You’d never know it by looking at my blog, but I really do have lots to say. I just never find the time to put everything on virtual paper in neat little, creative paragraphs.
My mind is continuously cluttered with lists of things to buy and even more things to do. I even have a big spiral notebook to compile the many Post-it notes that are lying on almost every flat surface I own.
In the back of the notebook there are about seven pages of tiny notes haphazardly scribbled in every direction, some in shorthand known only to me. These notes are in the back of the book because they are not as important as the list of current needs, or the ones prioritizing what needs to be done. They are there to remind me of what I want to write about when I get that magical time when nothing urgent demands my attention, when a migraine isn’t robbing me of my concentration, and when my creative urges are just as strong as my cravings for chocolate.
In reality, I know the day will come when I have more time to write than I’d care for - days when I’d give anything to have errands to run, or a child to chauffeur around town. For that reason, I try to be patient in wanting quiet time to develop my inspirations.

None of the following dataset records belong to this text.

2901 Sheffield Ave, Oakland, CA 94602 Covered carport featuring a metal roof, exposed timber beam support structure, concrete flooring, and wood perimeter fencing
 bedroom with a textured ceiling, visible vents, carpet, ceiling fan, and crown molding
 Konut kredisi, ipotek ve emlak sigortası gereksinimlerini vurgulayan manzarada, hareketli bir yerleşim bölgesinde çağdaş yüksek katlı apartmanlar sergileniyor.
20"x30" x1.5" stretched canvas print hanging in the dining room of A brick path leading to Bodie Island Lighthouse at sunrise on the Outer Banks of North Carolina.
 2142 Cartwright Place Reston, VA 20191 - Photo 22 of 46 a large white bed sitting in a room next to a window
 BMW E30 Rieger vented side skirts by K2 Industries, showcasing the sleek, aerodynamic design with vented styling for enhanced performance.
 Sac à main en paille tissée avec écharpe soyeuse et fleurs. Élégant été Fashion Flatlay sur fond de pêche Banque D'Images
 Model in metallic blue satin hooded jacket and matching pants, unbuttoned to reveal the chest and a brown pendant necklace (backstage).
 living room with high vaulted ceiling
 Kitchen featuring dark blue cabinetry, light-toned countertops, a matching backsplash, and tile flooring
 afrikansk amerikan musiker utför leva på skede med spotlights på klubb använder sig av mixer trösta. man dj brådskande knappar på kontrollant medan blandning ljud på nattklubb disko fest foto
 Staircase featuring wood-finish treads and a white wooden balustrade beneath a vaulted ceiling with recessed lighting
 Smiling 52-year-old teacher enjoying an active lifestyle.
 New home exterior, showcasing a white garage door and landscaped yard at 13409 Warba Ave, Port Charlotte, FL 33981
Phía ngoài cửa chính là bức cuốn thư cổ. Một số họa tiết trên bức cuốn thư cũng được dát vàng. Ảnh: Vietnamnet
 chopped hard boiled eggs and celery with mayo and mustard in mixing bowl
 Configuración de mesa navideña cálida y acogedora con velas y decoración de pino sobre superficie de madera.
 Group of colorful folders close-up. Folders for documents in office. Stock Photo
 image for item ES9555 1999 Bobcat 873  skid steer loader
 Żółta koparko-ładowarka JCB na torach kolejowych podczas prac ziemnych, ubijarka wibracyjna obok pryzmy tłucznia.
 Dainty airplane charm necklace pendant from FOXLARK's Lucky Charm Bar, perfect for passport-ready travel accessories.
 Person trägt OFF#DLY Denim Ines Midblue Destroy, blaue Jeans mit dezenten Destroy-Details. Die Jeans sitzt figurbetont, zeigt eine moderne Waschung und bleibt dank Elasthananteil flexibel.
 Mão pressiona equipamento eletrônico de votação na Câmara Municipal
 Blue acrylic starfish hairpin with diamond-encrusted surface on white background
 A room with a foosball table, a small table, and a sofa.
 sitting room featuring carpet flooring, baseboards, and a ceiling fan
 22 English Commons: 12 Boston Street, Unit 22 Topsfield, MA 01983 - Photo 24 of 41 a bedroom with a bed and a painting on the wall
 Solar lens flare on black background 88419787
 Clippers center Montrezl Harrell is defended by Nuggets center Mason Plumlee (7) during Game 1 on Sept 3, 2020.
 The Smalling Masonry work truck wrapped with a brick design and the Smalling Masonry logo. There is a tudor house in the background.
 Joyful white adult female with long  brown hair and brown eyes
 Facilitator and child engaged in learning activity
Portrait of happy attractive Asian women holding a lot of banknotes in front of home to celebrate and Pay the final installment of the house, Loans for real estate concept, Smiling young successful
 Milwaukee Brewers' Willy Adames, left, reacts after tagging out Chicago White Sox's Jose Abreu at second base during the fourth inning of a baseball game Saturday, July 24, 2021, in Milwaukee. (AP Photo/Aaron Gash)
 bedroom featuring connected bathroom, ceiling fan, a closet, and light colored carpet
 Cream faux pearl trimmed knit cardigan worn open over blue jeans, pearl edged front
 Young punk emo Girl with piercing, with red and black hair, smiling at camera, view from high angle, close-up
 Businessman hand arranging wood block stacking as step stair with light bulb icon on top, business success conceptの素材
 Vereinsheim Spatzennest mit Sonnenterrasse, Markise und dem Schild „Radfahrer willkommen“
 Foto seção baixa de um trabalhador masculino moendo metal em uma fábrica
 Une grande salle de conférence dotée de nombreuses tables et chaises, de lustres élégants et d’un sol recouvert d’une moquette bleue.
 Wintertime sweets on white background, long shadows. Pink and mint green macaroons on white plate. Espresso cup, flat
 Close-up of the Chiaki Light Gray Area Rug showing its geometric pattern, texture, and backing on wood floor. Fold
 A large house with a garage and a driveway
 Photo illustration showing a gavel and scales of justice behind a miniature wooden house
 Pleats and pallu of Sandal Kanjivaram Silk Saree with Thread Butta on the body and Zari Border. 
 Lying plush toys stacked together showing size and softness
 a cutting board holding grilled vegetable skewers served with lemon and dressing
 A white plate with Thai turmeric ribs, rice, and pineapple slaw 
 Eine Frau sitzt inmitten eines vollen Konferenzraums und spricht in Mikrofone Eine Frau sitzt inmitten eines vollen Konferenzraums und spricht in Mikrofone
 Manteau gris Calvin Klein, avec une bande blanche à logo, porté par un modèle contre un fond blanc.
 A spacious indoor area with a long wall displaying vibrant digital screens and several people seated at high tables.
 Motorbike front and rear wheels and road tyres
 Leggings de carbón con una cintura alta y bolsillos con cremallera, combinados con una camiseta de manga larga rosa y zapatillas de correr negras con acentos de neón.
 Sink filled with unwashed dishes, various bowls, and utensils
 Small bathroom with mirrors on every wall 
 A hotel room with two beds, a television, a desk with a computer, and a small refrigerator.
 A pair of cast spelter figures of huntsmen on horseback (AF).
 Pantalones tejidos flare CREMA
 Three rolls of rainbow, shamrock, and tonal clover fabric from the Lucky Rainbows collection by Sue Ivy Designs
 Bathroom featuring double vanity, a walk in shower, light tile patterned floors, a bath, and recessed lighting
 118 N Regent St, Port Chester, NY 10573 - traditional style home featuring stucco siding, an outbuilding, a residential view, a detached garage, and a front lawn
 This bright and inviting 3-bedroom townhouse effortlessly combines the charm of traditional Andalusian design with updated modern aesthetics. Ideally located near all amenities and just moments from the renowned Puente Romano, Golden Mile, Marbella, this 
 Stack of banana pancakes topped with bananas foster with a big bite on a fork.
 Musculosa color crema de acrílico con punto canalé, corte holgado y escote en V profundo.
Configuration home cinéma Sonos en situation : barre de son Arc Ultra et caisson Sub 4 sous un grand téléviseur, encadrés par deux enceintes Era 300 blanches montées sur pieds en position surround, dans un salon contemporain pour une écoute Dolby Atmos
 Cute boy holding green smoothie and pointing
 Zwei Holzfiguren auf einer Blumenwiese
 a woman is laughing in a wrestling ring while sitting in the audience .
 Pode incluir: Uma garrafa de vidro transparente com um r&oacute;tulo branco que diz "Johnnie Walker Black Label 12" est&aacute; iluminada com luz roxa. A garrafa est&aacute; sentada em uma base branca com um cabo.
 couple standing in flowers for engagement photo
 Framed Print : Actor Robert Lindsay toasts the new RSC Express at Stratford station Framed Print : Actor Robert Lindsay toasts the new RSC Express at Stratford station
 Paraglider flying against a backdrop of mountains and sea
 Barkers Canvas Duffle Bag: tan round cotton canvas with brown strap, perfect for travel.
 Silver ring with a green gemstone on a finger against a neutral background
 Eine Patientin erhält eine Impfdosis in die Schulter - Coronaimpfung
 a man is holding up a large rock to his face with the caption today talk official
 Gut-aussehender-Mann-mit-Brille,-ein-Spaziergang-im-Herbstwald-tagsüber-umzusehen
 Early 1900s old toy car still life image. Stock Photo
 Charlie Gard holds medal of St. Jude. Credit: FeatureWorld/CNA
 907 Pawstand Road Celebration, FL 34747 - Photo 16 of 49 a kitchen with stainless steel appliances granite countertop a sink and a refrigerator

On the other hand, I know not to take tomorrow for granted and that notebooks are corruptible, not unlike my memory.
So, I find myself searching for balance and entertaining the notion that writing for myself now is just as important as running errands, or doing house work. And to be successful at it, I will have to sacrifice my own perfectionism to stave off procrastination.
Don’t expect me to come up with any huge revelations, though. Those are usually only in my mind and are not as profound when uttered to someone else (kind of like that big dream from the night before that didn’t seem nearly as interesting when saying it out loud the next day). I write with the same, often dry, humor as I live my life with. You may not get my jokes and that’s okay. But I’ll have fun in the sharing and I’ll keep it to myself when that confused look on your face gives me a twinge of satisfaction.